Trus di bagian General Comment --> Daffa is too careful at colouring, pre-writing, even at doing the creative activities. He is afraid to do mistakes.
Oh my... What have I done to him? Saya jadi merasa, there must be something wrong I've done in treating him. Betapa menakutkannya bagi saya ketika membaca bagian terakhir: He is afraid to do mistakes.
Beberapa bulan terakhir ini, saya perhatikan, Daffa memang kadang punya kekhawatiran berlebihan ttg banyak hal. Saya tadinya berpikir itu sesuatu yang normal. Perlahan saya mencoba membelokkan kekhawatirannya pada sesuatu yang lain. Pada hal-hal penting yang menurut saya lebih layak untuk dikhawatirkan.
Pernah suatu ketika, kami pergi berdua ke toko depan kompleks untuk membeli telur. Kebetulan ketika itu ada seorang ibu2 kompleks yang juga berbelanja di toko itu, sehingga saya tidak begitu memperhatikan Daffa. Ketika sdg asyik ngobrol, tiba2 gubraakkk..!!! ternyata sepeda motor yang saya parkir di depan toko roboh karena dinaiki Daffa.
Daffa tidak langsung menangis, tapi dia bertanya kepada saya dengan nada bersalah:
'Ma, sepedanya rusak nggak, Ma? Ma, sepeda kita bisa dipakai lagi nggak, Ma?'
Setelah saya berdirikan sepeda motor lagi, saya peluk dia. Saya tanya apakah ada yang terluka, apakah dia baik-baik saja. Baru setelah itu dia menangis sambil badannya agak gemetar dan mengeluh lututnya terluka.
Saya bilang: 'Mama tidak khawatir sepeda motor kita rusak. Mama lebih khawatir kalau abang terluka.' Tentu saja sesudah itu saya tegur dia untuk tidak melakukan hal tersebut next time.
It was just an example. Masih banyak hal2 yang lain. Seakan-akan dia takut saya marah, atau papanya marah karena dia melakukan suatu kesalahan. Kadang2, kalau dia tahu dia melakukan suatu kesalahan, dia akan bilang sambil terlihat menyesal: "Kenapa abang melakukannya ya, Ma?"

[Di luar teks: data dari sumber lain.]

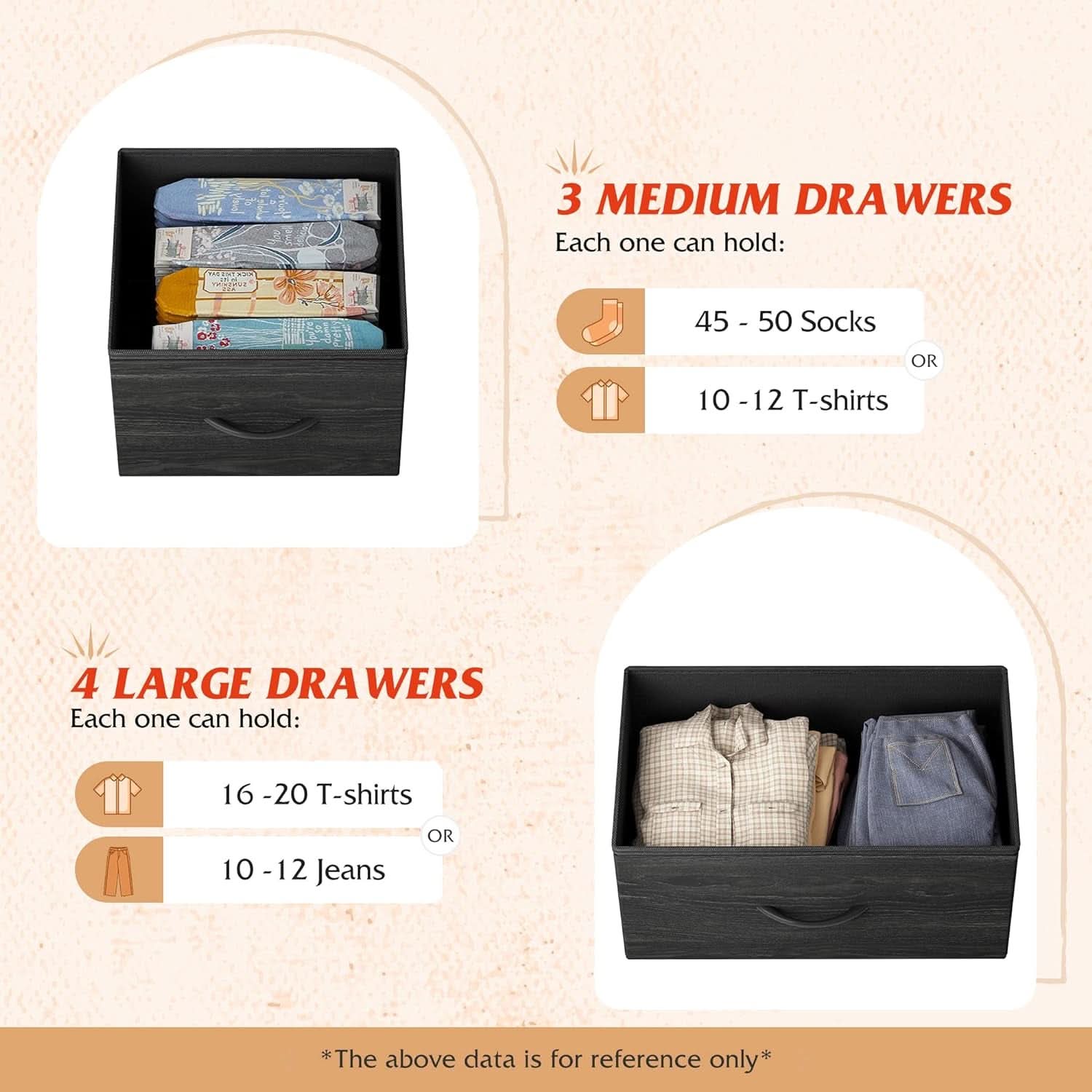 TV Stand For 45 Inch TV With Durable Fabric Drawers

Duh, saya sebagai emaknya merasa saya mengukir sesuatu yang salah pada sebuah jiwa yang masih polos. Saya takut, anak saya jadi seseorang yang ragu dalam melakukan banyak hal karena takut berbuat salah. Saya takut anak saya menjadi seorang paranoid. Saya takut anak saya menjadi tidak teguh dalam pendirian karena khawatir membuat orang lain marah.
Mungkin bagi banyak orang, ketakutan dan kekhawatiran saya terlalu berlebihan. Tapi saya tidak bisa melepaskan frame saya sebagai seorang ibu. I'm the person who have biggest interference to my children. Apapun yang saya lakukan dalam memperlakukan anak2 akan berefek permanent dalam membentuk mereka menjadi sebuah pribadi.